Problem requirements
Beginning with the line that contains "Burger King morao", retype the entries below exactly, ending with the line that contains "Služba održavanja kanalizacione". Leave out any pictures.

Listed records
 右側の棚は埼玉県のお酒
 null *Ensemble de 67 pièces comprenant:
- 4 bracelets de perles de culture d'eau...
==
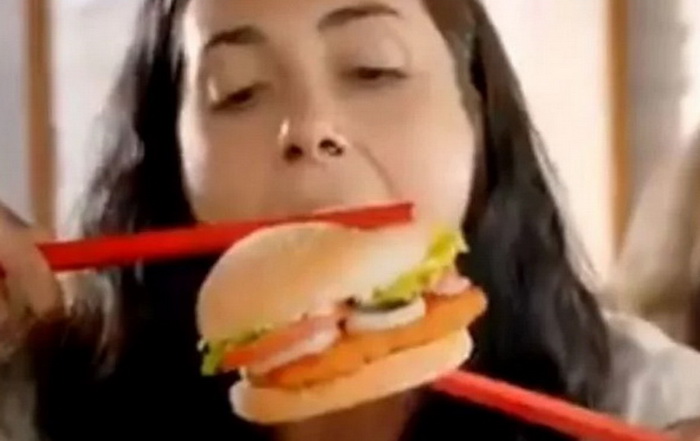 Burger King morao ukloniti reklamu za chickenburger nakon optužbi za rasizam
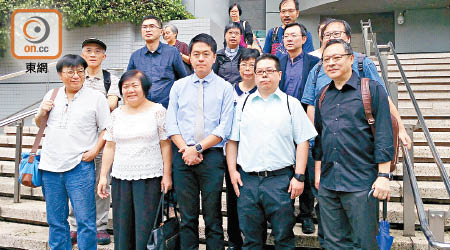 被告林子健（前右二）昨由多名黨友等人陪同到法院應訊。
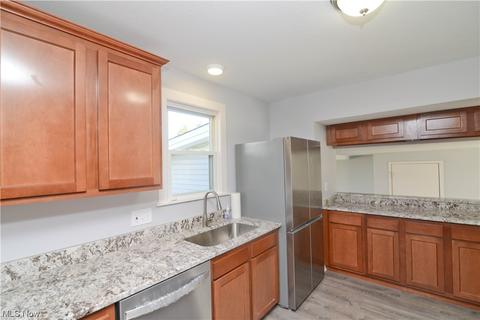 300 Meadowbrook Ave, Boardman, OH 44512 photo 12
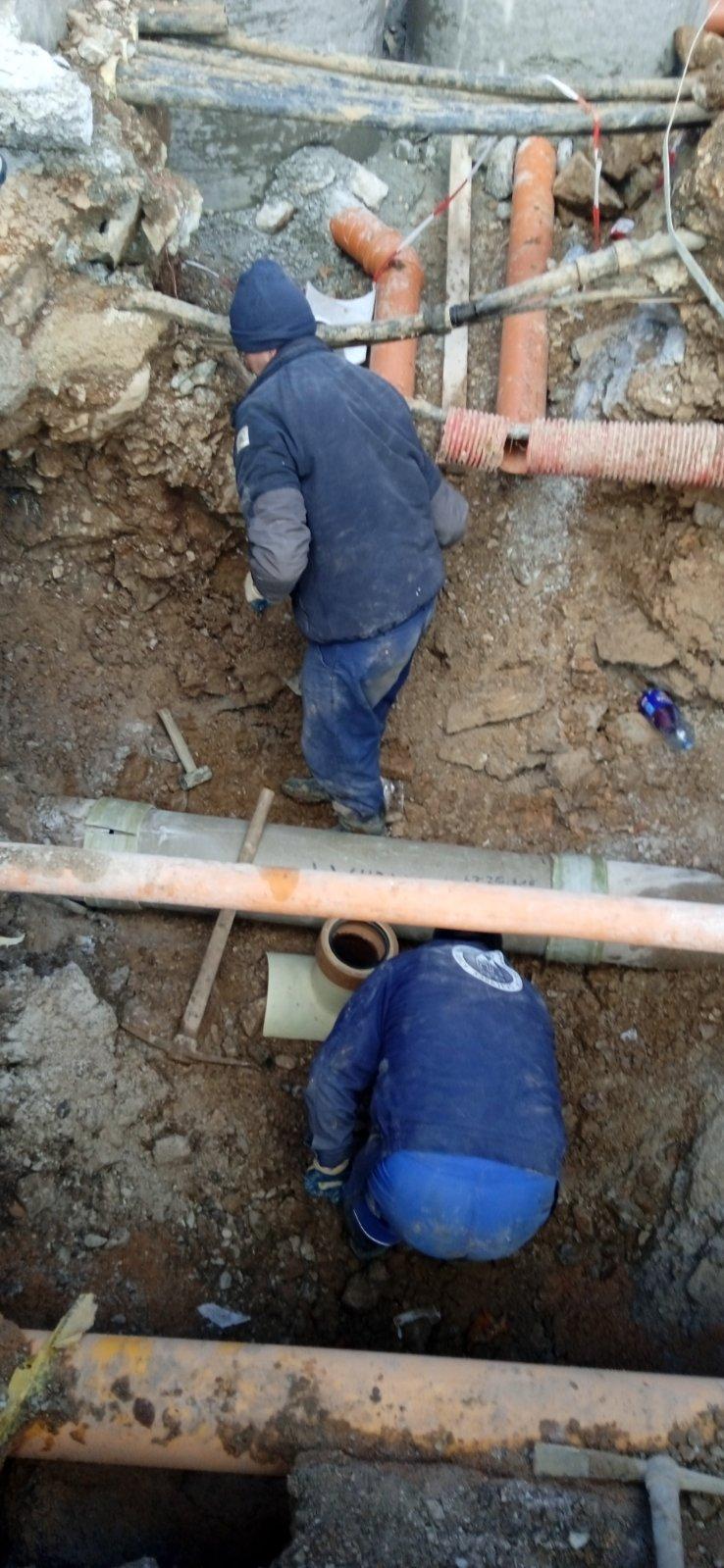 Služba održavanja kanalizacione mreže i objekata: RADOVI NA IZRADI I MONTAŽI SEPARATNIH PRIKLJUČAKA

Written response
 Burger King morao ukloniti reklamu za chickenburger nakon optužbi za rasizam
 被告林子健（前右二）昨由多名黨友等人陪同到法院應訊。
 300 Meadowbrook Ave, Boardman, OH 44512 photo 12
 Služba održavanja kanalizacione mreže i objekata: RADOVI NA IZRADI I MONTAŽI SEPARATNIH PRIKLJUČAKA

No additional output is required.